Directions - Look over the lines below. Report each one that includes the string "throw".

Data in this exercise -
--- START ---

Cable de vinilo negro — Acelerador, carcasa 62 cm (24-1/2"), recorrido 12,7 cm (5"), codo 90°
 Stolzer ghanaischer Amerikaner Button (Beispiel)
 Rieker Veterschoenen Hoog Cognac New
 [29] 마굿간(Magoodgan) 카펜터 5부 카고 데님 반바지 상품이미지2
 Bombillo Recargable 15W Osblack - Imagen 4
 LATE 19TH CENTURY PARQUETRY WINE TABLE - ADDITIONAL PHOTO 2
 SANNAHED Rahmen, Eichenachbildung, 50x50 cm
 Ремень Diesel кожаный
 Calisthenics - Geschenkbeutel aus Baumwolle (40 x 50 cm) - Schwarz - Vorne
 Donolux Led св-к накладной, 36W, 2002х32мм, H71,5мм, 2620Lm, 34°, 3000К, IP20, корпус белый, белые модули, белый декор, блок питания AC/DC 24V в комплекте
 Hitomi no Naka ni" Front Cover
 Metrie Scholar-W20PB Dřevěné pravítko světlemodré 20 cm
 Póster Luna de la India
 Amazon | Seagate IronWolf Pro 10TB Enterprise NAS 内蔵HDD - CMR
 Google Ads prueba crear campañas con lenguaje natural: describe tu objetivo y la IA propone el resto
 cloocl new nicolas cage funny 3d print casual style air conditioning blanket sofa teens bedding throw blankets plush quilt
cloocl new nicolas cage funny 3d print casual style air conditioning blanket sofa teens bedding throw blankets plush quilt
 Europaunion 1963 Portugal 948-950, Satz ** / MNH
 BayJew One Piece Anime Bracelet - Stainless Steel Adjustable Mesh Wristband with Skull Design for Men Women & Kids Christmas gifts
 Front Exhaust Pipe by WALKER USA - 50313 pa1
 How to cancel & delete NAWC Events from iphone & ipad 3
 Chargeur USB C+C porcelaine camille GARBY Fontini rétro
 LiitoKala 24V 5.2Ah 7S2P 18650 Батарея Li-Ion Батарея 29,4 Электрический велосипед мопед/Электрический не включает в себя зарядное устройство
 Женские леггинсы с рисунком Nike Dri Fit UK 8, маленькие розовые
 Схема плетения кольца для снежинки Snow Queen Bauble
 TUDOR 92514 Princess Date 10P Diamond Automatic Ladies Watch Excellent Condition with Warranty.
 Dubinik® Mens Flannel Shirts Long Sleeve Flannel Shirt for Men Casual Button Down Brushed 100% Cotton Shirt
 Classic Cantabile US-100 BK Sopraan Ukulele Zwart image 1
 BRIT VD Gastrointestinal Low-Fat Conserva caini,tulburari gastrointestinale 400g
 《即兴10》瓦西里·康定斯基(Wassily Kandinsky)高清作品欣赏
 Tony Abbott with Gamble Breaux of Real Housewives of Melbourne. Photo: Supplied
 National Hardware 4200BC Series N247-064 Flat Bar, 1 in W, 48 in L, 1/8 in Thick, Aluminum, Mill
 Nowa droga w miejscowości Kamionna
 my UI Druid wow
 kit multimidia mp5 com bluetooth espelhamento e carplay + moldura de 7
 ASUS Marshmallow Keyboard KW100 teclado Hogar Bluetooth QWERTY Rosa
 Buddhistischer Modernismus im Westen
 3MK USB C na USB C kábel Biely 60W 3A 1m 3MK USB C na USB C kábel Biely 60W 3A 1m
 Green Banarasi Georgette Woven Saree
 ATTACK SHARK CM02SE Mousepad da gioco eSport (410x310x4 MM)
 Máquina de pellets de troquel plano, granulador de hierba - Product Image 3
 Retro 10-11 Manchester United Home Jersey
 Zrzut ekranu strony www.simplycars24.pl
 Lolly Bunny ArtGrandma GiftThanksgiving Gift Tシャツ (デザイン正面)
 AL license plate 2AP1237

--- END ---

Exercise response -
 cloocl new nicolas cage funny 3d print casual style air conditioning blanket sofa teens bedding throw blankets plush quilt
cloocl new nicolas cage funny 3d print casual style air conditioning blanket sofa teens bedding throw blankets plush quilt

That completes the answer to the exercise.